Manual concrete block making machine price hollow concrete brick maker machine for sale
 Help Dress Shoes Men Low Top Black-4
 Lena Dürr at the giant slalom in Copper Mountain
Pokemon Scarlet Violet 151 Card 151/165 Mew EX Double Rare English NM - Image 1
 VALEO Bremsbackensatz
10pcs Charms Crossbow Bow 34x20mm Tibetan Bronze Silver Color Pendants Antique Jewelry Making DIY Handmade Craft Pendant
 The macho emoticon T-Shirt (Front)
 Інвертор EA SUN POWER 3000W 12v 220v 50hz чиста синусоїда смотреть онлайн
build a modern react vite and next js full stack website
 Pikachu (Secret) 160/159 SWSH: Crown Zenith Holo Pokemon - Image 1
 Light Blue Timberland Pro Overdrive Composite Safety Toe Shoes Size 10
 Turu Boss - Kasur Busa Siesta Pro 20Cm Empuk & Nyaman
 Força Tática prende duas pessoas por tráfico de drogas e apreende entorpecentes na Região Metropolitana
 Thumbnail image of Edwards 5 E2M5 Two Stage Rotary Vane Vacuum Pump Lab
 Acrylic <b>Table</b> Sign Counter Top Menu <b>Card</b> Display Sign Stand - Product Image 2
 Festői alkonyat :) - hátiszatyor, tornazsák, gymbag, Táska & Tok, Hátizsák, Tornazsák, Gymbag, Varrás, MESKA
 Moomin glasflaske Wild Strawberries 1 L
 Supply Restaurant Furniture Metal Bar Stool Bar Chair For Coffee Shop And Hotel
_ _ _ _ _
-- ABOUT THIS TASK --
Only the lines above starting at the one containing "Lena Dürr at" and ending at the one containing "VALEO Bremsbackensatz", both included, are to be returned, exactly as they read.

-- OUTPUT --
 Lena Dürr at the giant slalom in Copper Mountain
Pokemon Scarlet Violet 151 Card 151/165 Mew EX Double Rare English NM - Image 1
 VALEO Bremsbackensatz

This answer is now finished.